So basically the question is how to locate the bottleneck(s). Profiling is one approach, and it usually works fine if used correctly. Focus on highest time inclusive stack to find which component is the problem, focus on time exclusive to locate problem functions. Also take a look at number of executions, you often find surprises there in small functions that are executed way too often.
Another approach is performance counters, and this is my favorite because is far less invasive than profiling, and can be used and re-used again and again in production deployment. I add counter generously to my code (see Using XSLT to generate Performance Counters code to avoid typing a tonne of repetitive code) and instrument the code with calls to IncrementXXX. Incrementing a performance counter is so cheap that the code can be left in Release production code, and this is why I prefer this method. for instance say I have a piece of code that makes a database call, then a web service request, then another database call. Overall is slow, but where? I can instrument the code like this:
void MyFunction()
{
CountersManager.IncrementMyFunction(1);
CountersManager.IncrementFirstDBCall(1);
dataAccess.FirstCall();
CountersManager.IncrementFirstDBCall(-1);
CountersManager.IncrementWebCall(1);
webRequest.MakeCall();
CountersManager.IncrementWebCall(-1);
someCode.. moreCode;
CountersManager.IncrementSecondDBCall(1);
dataAccess.SecondCall();
CountersManager.IncrementSecondDBCall(-1);
CountersManager.IncrementMyFunction(-1);
}
This is the simplest instrumentation, its trivial to add, and although the information it provides it's minimal, it can give insight into what happens. Say I collect performance counters and I find that most samples the MyFunction counter is 500, the FirstDBCall counter is 50, the WebService counter is 300 and the SecondDB call is 50. That tells me that in average, from the 500 calls that are in MyFunction, 300 were captured during the web call, so that is where the most time is spent. But I can go further, add counters that measure time occured (increment a counter of type AverageTimer32 and an AverageBase one) and the profiling will give me the average duration of the operation. And so on and so forth.

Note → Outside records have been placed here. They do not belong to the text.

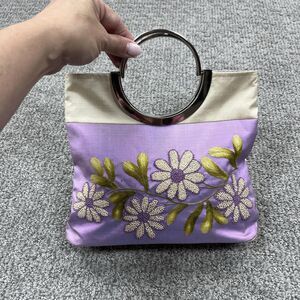 Della Q Top Handle Bag Womens Small Purple Silk Floral Embroidered Ring Evening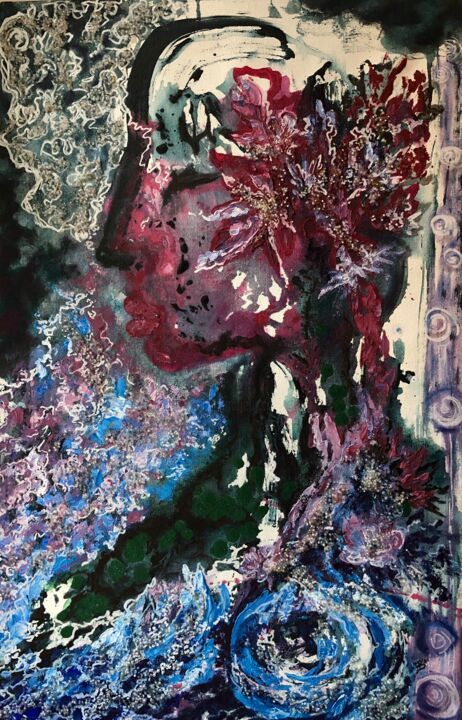 Картина под названием "Spirit of the Earth…" - Julia Bates, Подлинное произведение искусства, Акрил Установлен на Деревянная…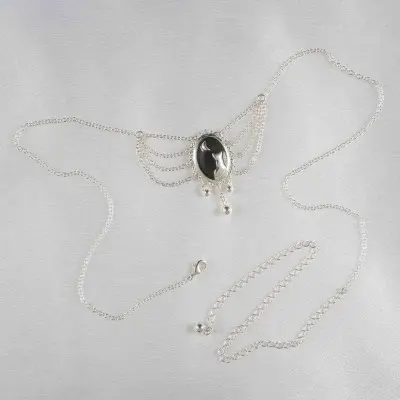 Shadows of the Night - Silver Moonlight Cameo Waist Chain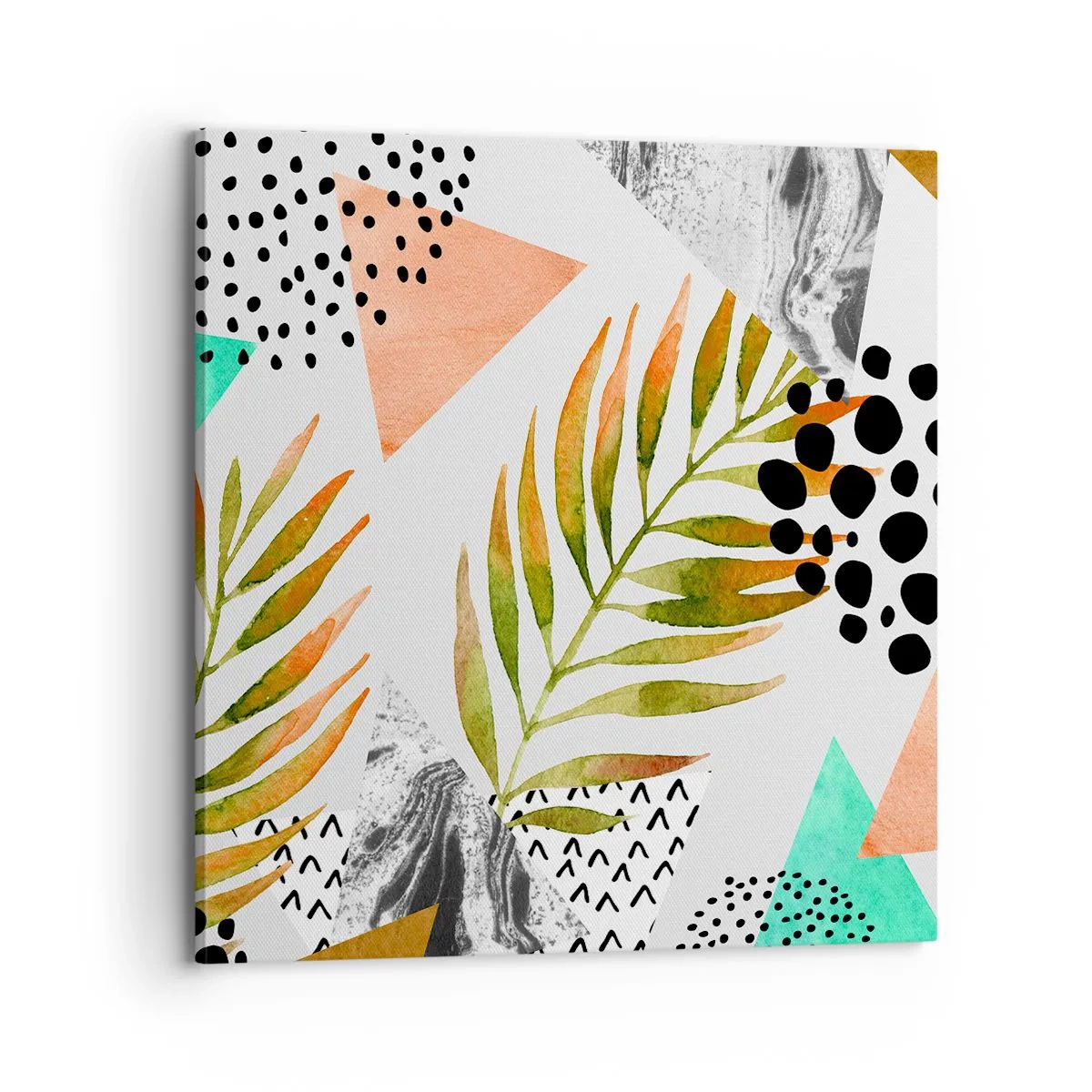 Schilderen op canvas - Decoratie met palmblad - 70x70 cm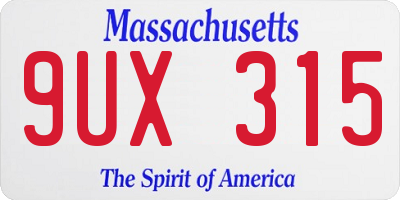 MA license plate 9UX315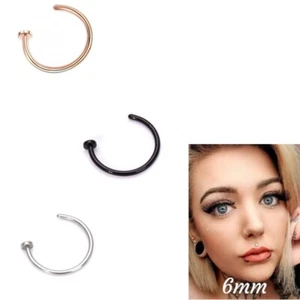 6 mm (B S G) Nasenring Chirurgenstahl Reifen Lippenringe kleine dünne Körperpiercing. - Bild 1 von 7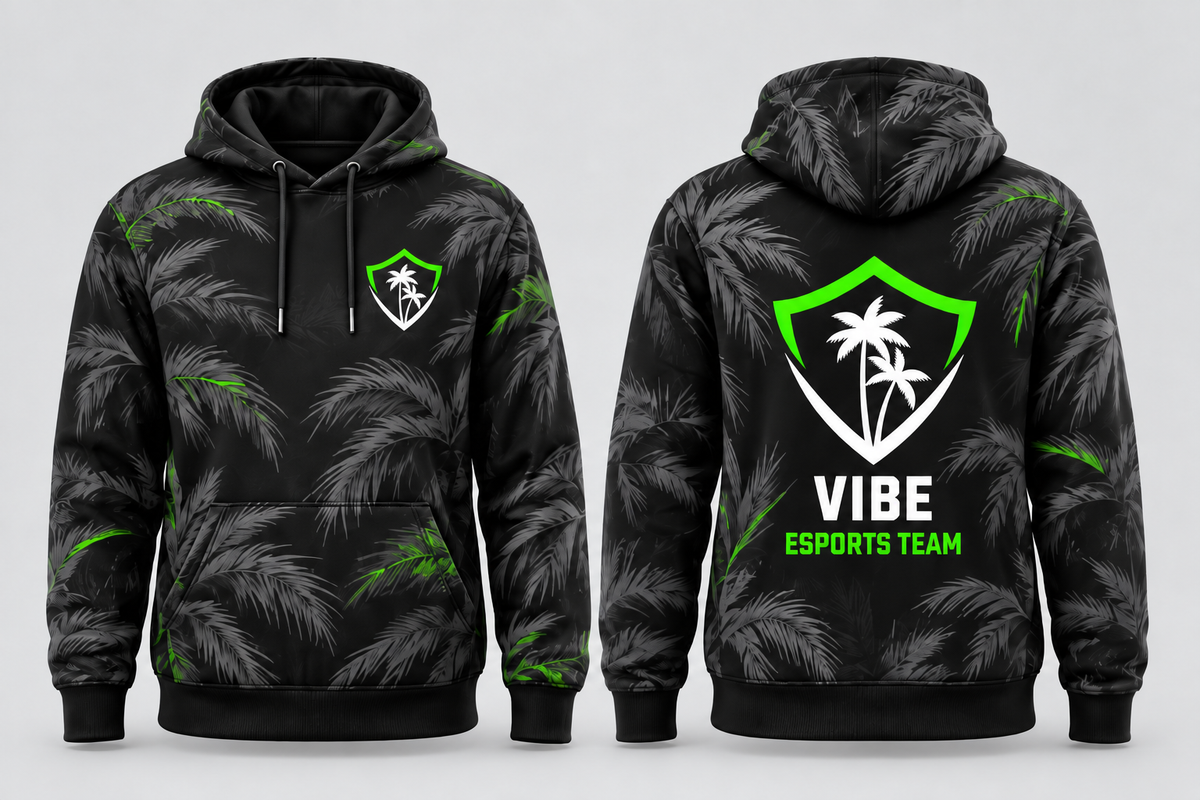 VIBE Stealth Palms All-Over Sublimation Hoodie front and back, star-free logo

And last but not least, you can look at all the existing counters in the products you use. The drawback is that understand where to look and how to interpret the number you see requires knowledge of the said counters, or access to good troubleshooting tips. There are plenty for products like SQL Server for instance, but other products from the stack you use may be more difficult to find a good documentation on how this topic.